SUPPLIED INFORMATION ::
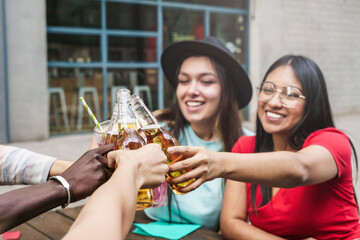 Two girls young friends having drinks together toasting beer and cocktail to celebrate social event. Focus on latin woman
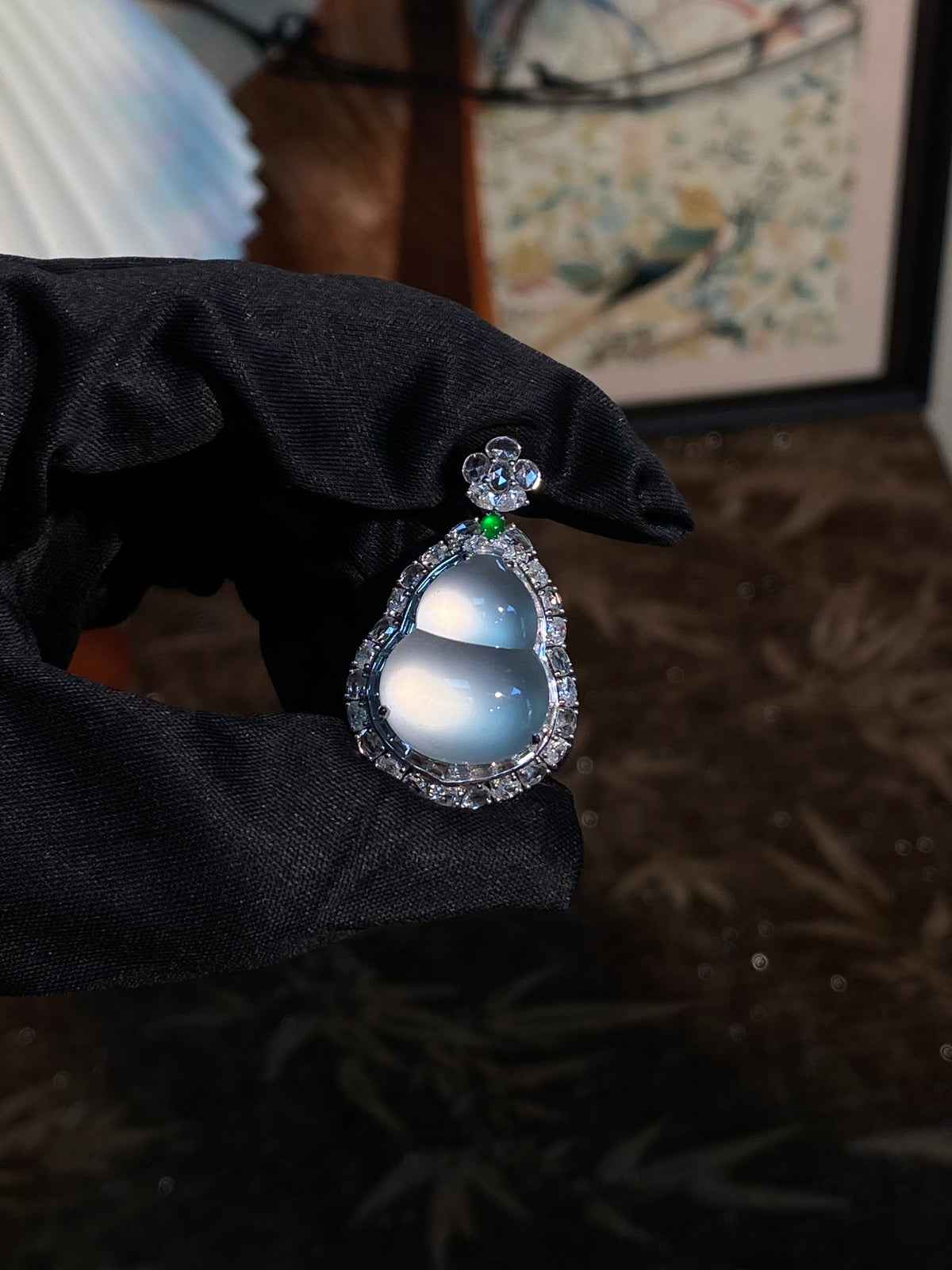 Teardrop blue jadeite pendant with round top stones and green accent on dark cloth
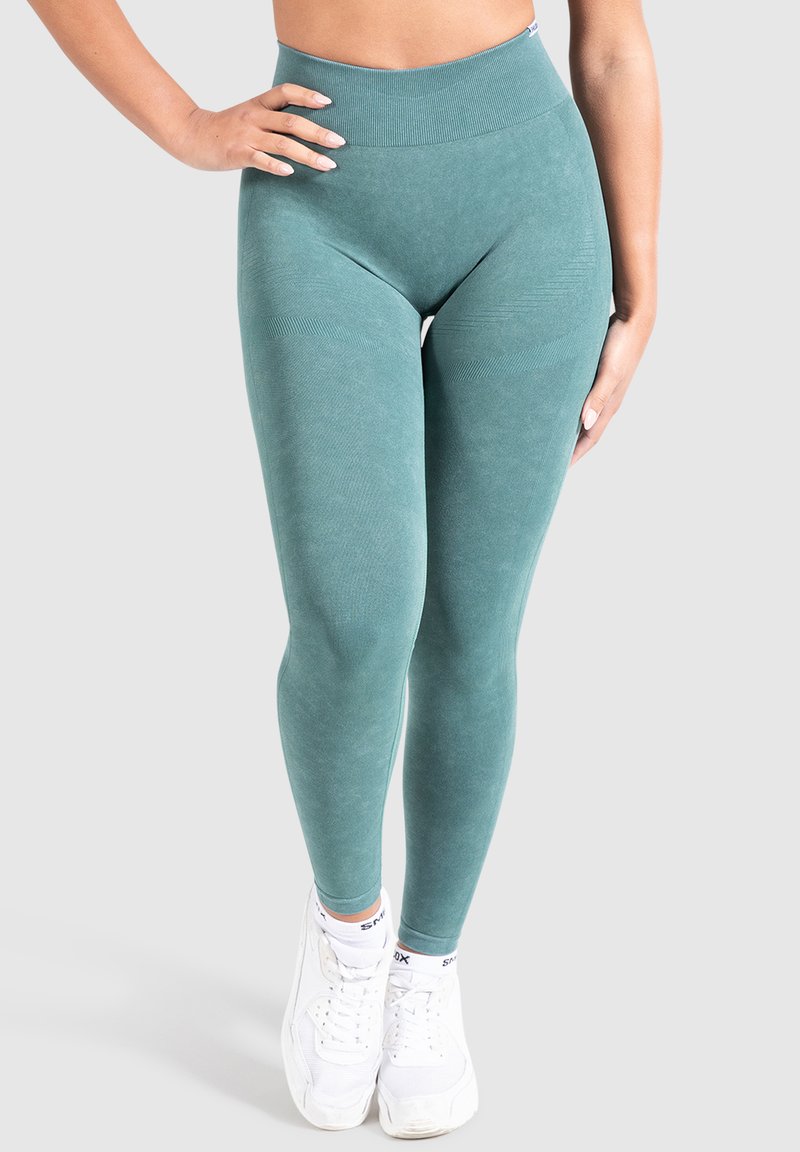 Leggings teal a vita alta in un morbido materiale testurizzato, con design senza cuciture e sottili dettagli a coste in vita e ginocchia.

AIM OF THE EXERCISE ::
Copy the material above exactly and drop the pictures.

OUTPUT OF THE EXERCISE ::
 Two girls young friends having drinks together toasting beer and cocktail to celebrate social event. Focus on latin woman
 Teardrop blue jadeite pendant with round top stones and green accent on dark cloth
 Leggings teal a vita alta in un morbido materiale testurizzato, con design senza cuciture e sottili dettagli a coste in vita e ginocchia.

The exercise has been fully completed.